The Cheshire District in the North Country of England seemed to bring out my inner kid. This was even where Lewis Carroll lived awhile and naming the “Cheshire Cat” in Alice in Wonderland after this district.

Then there is the town called Congleton, which is known for bears, among other things. Funny thing is, my late mom loved and collected bears (mostly very cool miniature figurines) and she would have loved to know that her cousin lived in a town that was known for its bears.



The first settlements in Congleton were Neolithic, Stone Age, and Bronze. Much later, Congleton became a market town after the Vikings destroyed Davenport. The Romans are thought to have been here, too, which is no wonder even if they haven’t found evidence of that…yet. William the Conquerer gave the district of Cheshire over to his nephew, the Earl of Chester. Much history follows with it’s first charter signed in 1272 by the 3rd Earl of Lincoln, Henry de Lacy, to not only hold fairs but also to behead criminals. On that note, the town charter was stamped with approval.

In 1451 the River Dane flooded and the town was destroyed, they rerouted the river, and rebuilt Congleton on higher ground.

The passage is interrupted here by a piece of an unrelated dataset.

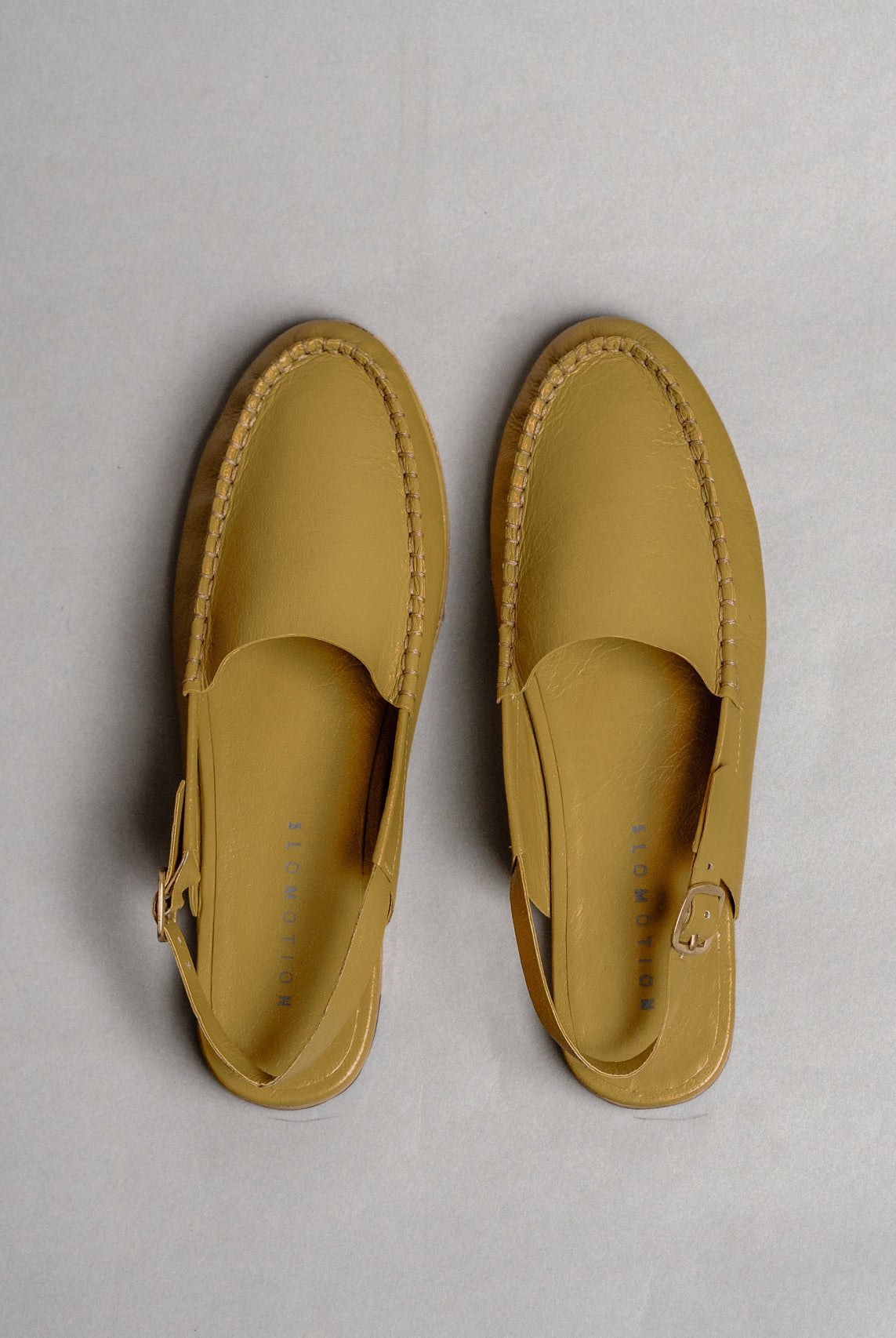Ochre Mule Loafers - Women - CiceroniSandalsSlomotion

In the 1620s, cockfighting and bear-baiting became popular sports in Congleton. But officials wanted larger crowds so they needed a bigger and meaner bear. Rumor has it they sold the town bible to acquire funding for a new bear. However, the truth was, they used the money they were going to pay to get a new bible, to actually buy the bear, and when the crowds increased putting more money in the coffers, they were able to replenish the fund to buy the new bible.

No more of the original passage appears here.